Keywords

1 Introduction

Object detection, aiming at locating and classifying particular objects in an image or throughout an entire video sequence, is a fundamental task in computer vision. In recent years, the development of deep neural networks has contributed a lot to the progress of this task. Yet, many existing object detection methods [1,2,3,4,5] are specially designed for images. Directly applying image-level detecting techniques to the video domain usually fails to get satisfactory performance, since frames tend to be deteriorated by issues such as motion blur, rare poses, and occlusions. Beyond the object detection method for images, temporal information in videos can be exploited to improve the detection performance.

So far, existing video object detection methods [6,7,8,9,10,11,12, 17] can be roughly divided into two categories. One category depends on manually-designed post-processing rules [6,7,8,9, 12]. These methods first detect each frame independently on a still image detector and then apply hand-crafted rules across the time dimension to refine the final detection results. Generally, the association rules are enforced independently of training. Methods of this type are neither end-to-end nor optimal. By contrast, methods such as FGFA [10] and MANet [11] learn to establish temporal consistency by multi-frame aggregation in both training and testing stages. Moreover, they can be trained in an end-to-end manner. In these methods, optical flow is applied to capture temporal information to enhance features in the current frame. However, the optical flow only predicts the displacement of pixels between the original images. Directly applying it to high-level feature may lead to inaccurate spatial correspondences.

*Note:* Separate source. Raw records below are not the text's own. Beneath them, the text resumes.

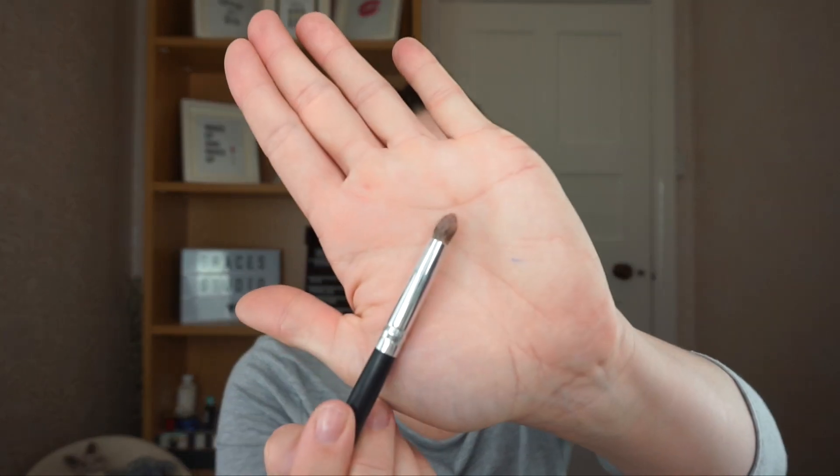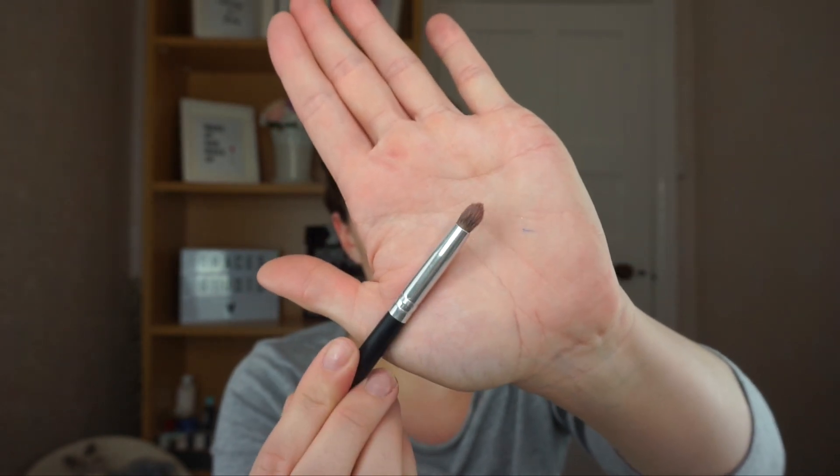I used the Anastasia Beverly Hills Dip Brow Pomade — it is a shade too dark for me I would say. Let's carry on with the eyes. I'll go back in with that brush — it's a Morphe brush from a pack so I don't actually know what number it is. I'll take the purple shade we used for the crease and go underneath the lower lash line just to smoke it out and balance it. This always makes me cry — I poke myself in the eye so many times.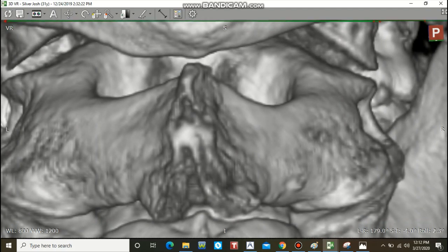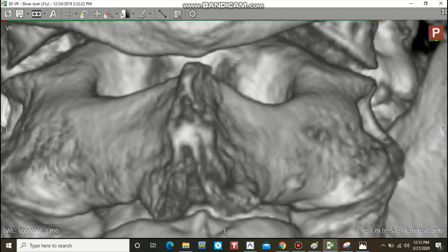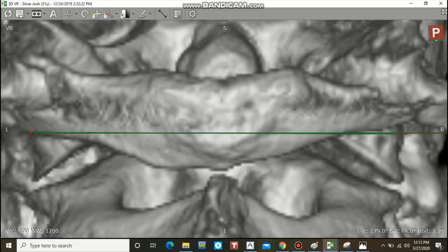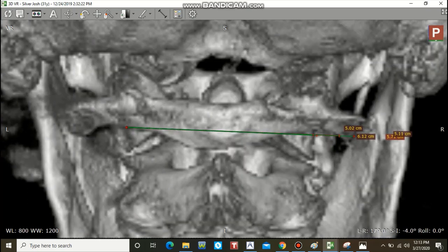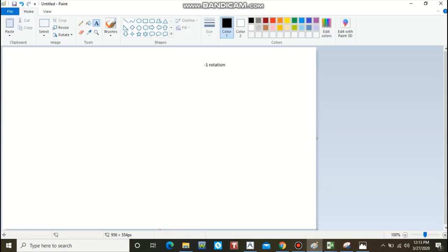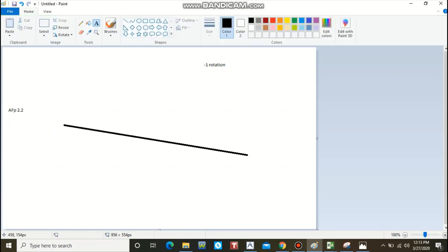So what we know now is that the AFP is high by 2.2 degrees — high on the left. I'm going to put on my sticky note: AFP 2.2. We don't know what side it's on yet because we don't know the laterality, so I'll do that next.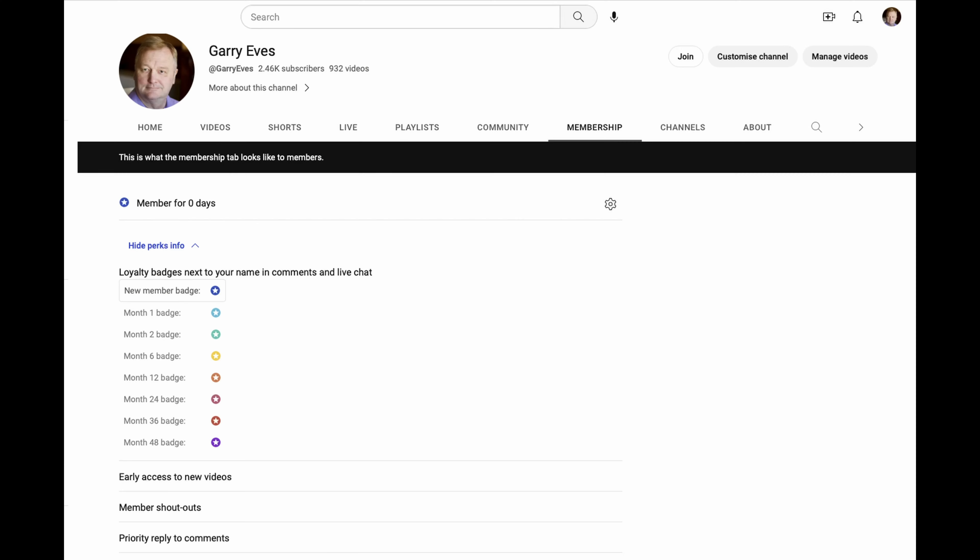Just dropping in to interrupt your regular programming. Would you like to help support the channel? If so, please consider joining as a member. As a member you'll get early access to my videos - I normally upload them a couple of days before they go out, and as soon as they're uploaded they'll be released to members. There'll also be a shout out at the end of the videos. And as we get members coming in, we'll chat among ourselves and work out what other perks you'd like, like maybe a monthly live chat just for members. A link will be in the description down below.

To alleviate the issue mentioned above, in this work, we propose an Attention-Based Temporal Context module (ABTC) to enhance frame temporal consistency. This module models pixel-level consistency across frames. Specifically, given features \( F_{t} \) and \( F_{t + \tau } \) (or \( F_{t - \tau } \)) of a reference frame and a neighboring frame, ABTC first computes corresponding weights based on the similarity between any two locations across the two frames. Then, it selectively extracts neighboring spatial information based on the temporal context information. Compared to optical flow-based methods, ABTC can obtain relevant information from high-level features of neighboring frames and bridge the gap between the original frames and high-level features. Finally, the output of the ABTC module is integrated with the output of an optical flow module to form a more effective representation for each frame. This representation is then fed to a detector to get the final detection result.

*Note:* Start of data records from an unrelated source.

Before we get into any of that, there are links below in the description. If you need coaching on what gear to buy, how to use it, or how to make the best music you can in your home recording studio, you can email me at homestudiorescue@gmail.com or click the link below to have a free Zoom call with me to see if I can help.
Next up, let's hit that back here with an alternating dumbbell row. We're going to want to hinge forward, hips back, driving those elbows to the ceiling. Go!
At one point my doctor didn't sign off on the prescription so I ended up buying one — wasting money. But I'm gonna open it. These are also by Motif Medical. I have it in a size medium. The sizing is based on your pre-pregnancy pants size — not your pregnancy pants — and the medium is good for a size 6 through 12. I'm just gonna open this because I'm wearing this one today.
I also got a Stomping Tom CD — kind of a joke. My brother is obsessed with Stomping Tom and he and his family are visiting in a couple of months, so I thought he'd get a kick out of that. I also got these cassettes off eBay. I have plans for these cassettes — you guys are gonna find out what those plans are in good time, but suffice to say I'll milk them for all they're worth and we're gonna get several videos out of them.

By incorporating rich temporal information, our model can deal with the challenging issues including appearance changes and occlusions. Extensive experiments conducted on the ImageNet VID dataset demonstrate that our method outperforms state-of-the-art methods in detection accuracy.

2 Related Work

2.1 Object Detection for Still Images

It has been over two decades since the academic community studied object detection. Recently, deep convolutional neural networks have achieved great success on the task of video object detection. Existing object detectors mainly fall into two streams, namely, one-stage methods and two-stage methods. One-stage methods such as YOLO [4] and SSD [5] directly utilize features produced from a feature extraction network to predict class labels and the corresponding locations of objects. On the other hand, two-stage methods such as Fast R-CNN [1], Faster R-CNN [2], and R-FCN [3] need to extract proposals in the first stage and then perform fine-grained object classification and regression based on the proposals. These methods are more flexible for integration and extension. Therefore, we take R-FCN as the basic framework and then extends it for video object detection.

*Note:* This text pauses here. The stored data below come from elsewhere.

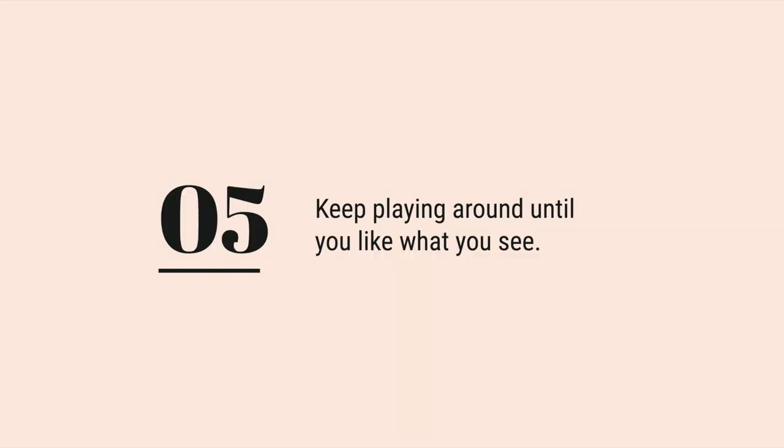Step five is to just keep playing around until you like what you see. Styling a bookshelf is a creative process and it can take some time to get it right. Don't be afraid to experiment with different arrangements, add or remove things, and switch things up. Remember, the goal is to create a bookshelf that's not only functional but also beautiful and that you love to look at.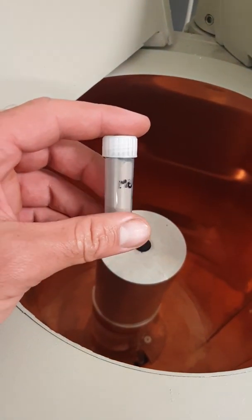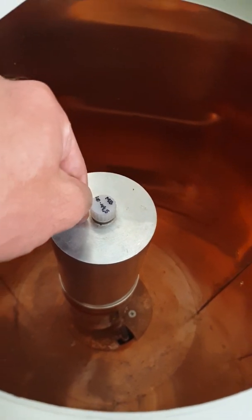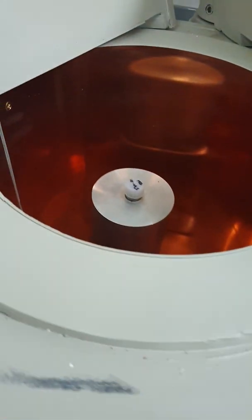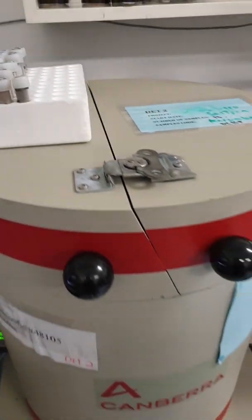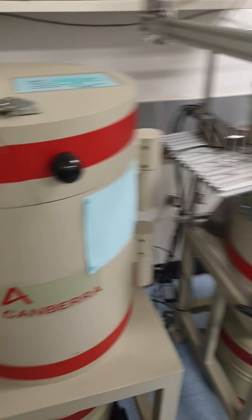We take our sediments like this and put them in here. Within this is a highly sensitive electrode which detects naturally occurring radioactivity every time there is a decay. Within that sediment sample it will be picked up by this machine. To eliminate background radiation from entering our sample, they're encased in lead, so we can see this lab is very heavy.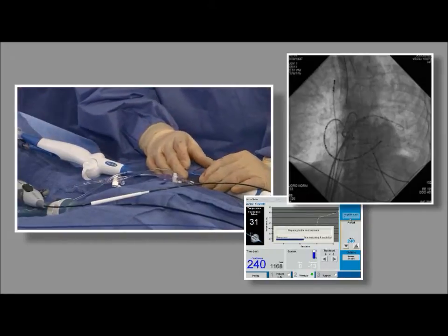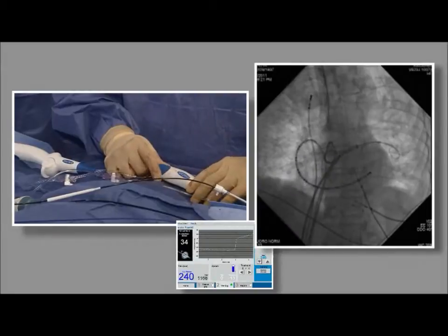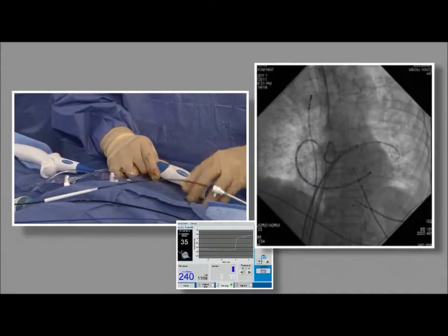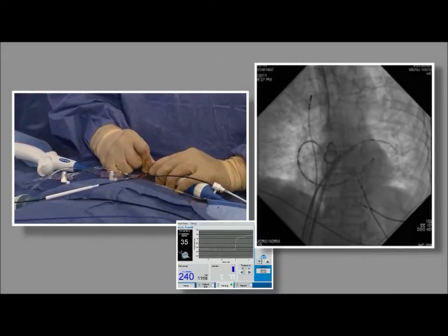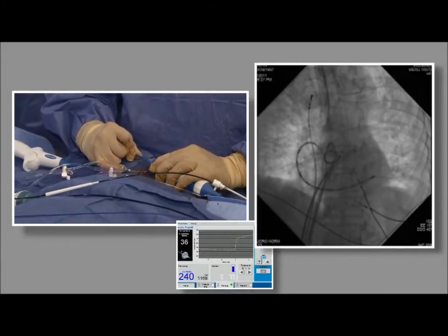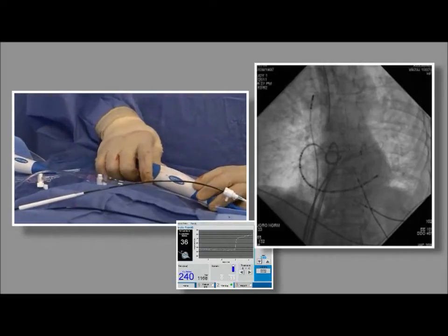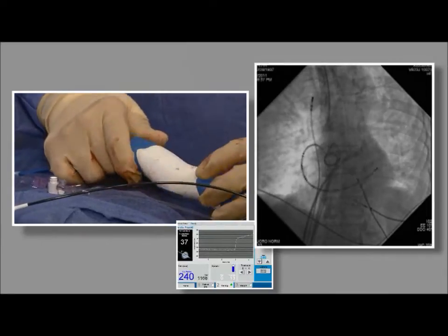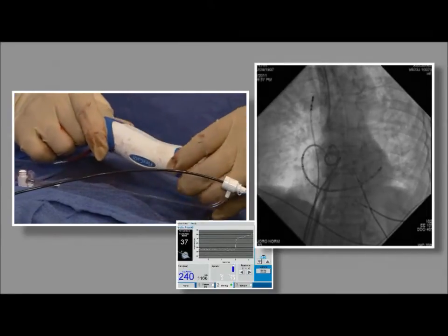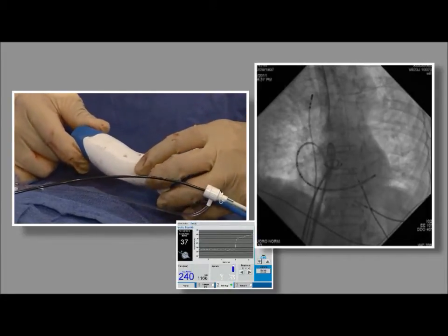When drawing the balloon into the sheath, be careful about how we're doing it. Straighten out the sheath a little bit so we're not trying to pull it back when it's massively bent. It should pull back without too much force — if you have to pull with significant force, just refold the balloon. Going to the right side with a little clockwise torque.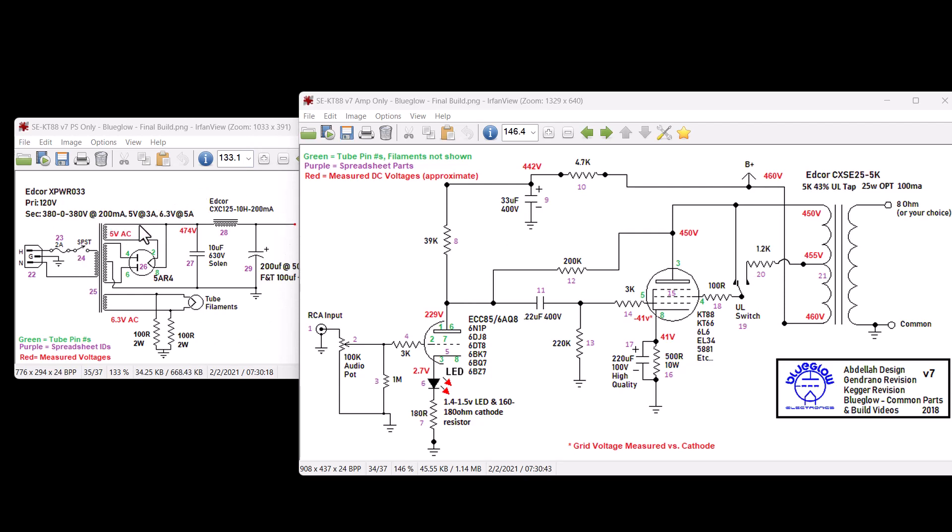Unplug the unit, discharge the capacitors, and start checking around. Check between various points and ground to make sure you don't have any shorts. If you were not blowing fuses at that point, plug in the 6N1P and power it on — lighting up one tube, doing things sequentially. If all is good, keep moving forward. If you're blowing a fuse, you probably have a problem with the 6N1P.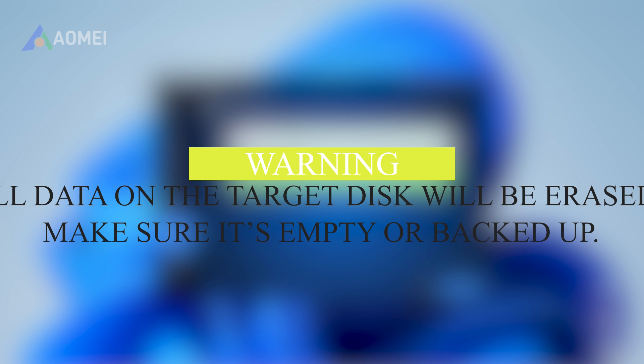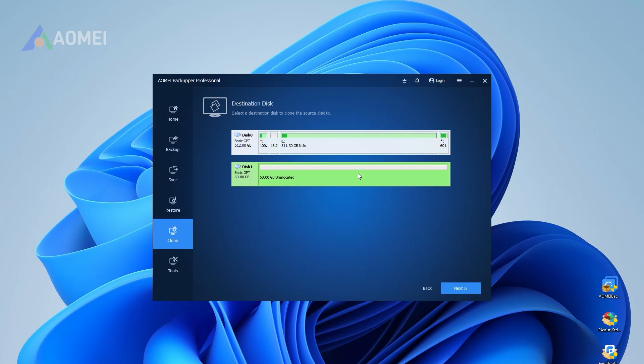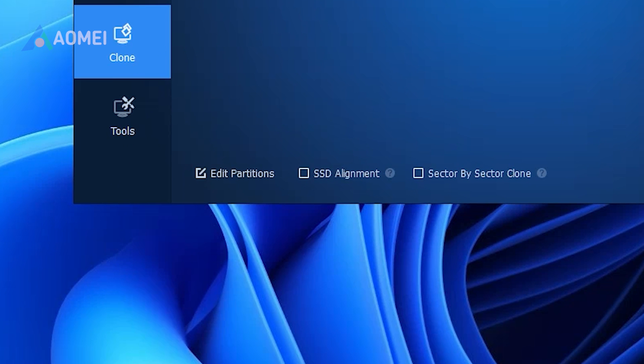Warning: all data on the target disk will be erased. Make sure it's empty or backed up. If you're cloning to an SSD, make sure to check the SSD alignment option at the bottom. This improves performance and extends SSD life.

2.2 Object Detection for Videos

Video object detection is increasingly popular in the literature since the introduction of the ImageNet VID dataset. Comparing with images, ample temporal information can be employed to assist object detection in videos. Building relationships in both space and time of objects properties across frames is key to accurate video object detection. Researchers have designed several video object detectors [6,7,8,9,10,11,12, 17] that can be divided into two settings, namely, box-level methods [6,7,8,9, 12] and feature-level methods [10, 11, 17]. Seq-NMS [6] links boxes if the IOU of two boxes from consecutive frames is higher than a certain threshold. Then, boxes within the sequences constructed before are rescored and re-ranked through a method named “Seq-NMS”. TPN [7] proposes a novel network to generate high-quality tubelet proposals efficiently and exploits LSTM to construct temporal coherence. TCNN [9] utilizes optical flow to propagate bounding boxes from neighbor frames and also adopts a different strategy for tubelet classification and rescoring.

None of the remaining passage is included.